Work task:
Copy every line in the listing that contains "Sweatshirt".

Listed records:
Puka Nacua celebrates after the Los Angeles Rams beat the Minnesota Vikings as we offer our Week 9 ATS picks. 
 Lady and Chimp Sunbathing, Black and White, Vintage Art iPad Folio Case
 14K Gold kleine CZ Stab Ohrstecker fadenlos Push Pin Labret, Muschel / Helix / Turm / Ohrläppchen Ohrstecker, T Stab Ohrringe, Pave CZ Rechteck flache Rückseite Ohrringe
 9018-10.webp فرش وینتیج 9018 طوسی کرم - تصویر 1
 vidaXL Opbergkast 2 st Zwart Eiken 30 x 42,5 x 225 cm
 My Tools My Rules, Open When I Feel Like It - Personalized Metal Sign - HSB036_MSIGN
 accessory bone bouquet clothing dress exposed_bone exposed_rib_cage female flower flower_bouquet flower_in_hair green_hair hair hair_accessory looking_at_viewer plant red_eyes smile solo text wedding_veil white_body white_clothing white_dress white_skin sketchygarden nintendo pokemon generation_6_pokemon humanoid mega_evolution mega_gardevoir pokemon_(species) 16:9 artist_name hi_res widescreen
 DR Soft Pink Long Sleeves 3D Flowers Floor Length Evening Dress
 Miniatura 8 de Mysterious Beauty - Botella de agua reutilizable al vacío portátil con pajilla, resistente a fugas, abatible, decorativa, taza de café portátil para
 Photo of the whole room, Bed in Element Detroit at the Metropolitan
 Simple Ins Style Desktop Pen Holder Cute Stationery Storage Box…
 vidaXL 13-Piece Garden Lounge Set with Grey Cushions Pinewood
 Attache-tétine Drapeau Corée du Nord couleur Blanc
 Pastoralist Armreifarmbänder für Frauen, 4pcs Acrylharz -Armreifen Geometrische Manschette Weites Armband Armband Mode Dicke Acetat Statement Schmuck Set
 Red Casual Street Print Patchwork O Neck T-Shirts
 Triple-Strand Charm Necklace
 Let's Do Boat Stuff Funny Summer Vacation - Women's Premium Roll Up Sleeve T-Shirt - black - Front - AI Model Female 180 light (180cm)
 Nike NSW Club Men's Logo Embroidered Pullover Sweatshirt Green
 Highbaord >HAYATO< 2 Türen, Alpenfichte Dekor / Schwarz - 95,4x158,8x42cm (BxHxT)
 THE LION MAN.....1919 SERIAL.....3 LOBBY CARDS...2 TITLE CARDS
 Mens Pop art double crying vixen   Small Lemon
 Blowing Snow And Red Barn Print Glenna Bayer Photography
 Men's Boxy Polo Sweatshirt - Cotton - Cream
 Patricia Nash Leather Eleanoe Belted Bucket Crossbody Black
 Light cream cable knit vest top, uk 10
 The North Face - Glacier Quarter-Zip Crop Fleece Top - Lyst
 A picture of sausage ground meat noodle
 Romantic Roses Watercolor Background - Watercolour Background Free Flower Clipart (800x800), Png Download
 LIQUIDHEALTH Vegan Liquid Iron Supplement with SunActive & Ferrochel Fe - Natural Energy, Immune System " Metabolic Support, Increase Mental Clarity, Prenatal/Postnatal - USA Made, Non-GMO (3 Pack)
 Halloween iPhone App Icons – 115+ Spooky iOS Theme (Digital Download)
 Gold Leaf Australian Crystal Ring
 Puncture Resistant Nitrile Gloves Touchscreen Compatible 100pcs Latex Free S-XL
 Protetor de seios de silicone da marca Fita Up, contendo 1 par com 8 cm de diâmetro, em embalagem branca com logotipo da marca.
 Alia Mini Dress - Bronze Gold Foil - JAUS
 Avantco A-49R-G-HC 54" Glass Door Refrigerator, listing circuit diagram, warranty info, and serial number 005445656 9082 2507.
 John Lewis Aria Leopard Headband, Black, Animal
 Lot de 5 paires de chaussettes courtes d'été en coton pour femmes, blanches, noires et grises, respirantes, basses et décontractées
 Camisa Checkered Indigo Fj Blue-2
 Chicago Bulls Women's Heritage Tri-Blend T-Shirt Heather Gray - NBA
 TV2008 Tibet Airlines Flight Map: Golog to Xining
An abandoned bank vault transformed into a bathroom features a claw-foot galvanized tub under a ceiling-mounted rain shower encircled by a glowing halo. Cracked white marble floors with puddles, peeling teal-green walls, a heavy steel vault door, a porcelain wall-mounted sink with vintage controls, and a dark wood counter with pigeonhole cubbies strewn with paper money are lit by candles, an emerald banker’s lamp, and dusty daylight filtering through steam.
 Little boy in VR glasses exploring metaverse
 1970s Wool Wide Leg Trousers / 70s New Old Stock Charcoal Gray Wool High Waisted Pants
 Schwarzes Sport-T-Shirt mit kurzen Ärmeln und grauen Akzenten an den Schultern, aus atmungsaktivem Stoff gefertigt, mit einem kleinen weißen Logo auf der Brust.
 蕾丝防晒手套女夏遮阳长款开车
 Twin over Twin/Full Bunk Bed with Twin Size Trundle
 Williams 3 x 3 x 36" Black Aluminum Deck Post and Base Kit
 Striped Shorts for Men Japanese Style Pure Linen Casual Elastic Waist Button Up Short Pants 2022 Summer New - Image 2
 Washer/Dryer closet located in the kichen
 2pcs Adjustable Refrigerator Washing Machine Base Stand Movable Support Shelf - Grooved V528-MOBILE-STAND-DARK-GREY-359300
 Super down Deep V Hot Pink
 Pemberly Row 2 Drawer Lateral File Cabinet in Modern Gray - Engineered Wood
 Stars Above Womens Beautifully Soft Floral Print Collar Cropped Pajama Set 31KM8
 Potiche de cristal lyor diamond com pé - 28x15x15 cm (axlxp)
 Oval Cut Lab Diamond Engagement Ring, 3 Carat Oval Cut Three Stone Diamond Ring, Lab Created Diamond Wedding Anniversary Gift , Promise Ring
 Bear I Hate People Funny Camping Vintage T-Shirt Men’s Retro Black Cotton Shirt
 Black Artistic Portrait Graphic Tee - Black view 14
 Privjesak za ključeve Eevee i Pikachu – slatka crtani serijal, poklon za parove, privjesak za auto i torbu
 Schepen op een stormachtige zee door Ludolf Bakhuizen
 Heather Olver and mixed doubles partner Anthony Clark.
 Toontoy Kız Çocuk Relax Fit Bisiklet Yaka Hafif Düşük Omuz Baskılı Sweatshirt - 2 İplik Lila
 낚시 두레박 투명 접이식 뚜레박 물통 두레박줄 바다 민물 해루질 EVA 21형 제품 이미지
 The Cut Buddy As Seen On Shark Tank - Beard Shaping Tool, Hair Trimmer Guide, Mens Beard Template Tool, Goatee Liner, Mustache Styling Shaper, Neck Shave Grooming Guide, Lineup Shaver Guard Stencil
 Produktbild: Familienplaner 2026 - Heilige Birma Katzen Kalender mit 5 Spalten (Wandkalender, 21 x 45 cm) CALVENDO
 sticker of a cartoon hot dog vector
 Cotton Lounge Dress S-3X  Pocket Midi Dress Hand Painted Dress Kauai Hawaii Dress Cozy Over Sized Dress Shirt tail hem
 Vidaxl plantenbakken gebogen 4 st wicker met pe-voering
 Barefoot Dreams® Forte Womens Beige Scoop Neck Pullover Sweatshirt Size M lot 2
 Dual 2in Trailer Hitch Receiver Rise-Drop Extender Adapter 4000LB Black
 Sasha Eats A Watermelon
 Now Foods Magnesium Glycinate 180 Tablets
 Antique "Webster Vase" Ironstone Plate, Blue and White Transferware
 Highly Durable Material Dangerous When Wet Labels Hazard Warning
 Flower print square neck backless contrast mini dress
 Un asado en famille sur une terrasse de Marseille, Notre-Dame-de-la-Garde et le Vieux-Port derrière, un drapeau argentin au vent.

Answer to this problem:
 Nike NSW Club Men's Logo Embroidered Pullover Sweatshirt Green
 Men's Boxy Polo Sweatshirt - Cotton - Cream
 Toontoy Kız Çocuk Relax Fit Bisiklet Yaka Hafif Düşük Omuz Baskılı Sweatshirt - 2 İplik Lila
 Barefoot Dreams® Forte Womens Beige Scoop Neck Pullover Sweatshirt Size M lot 2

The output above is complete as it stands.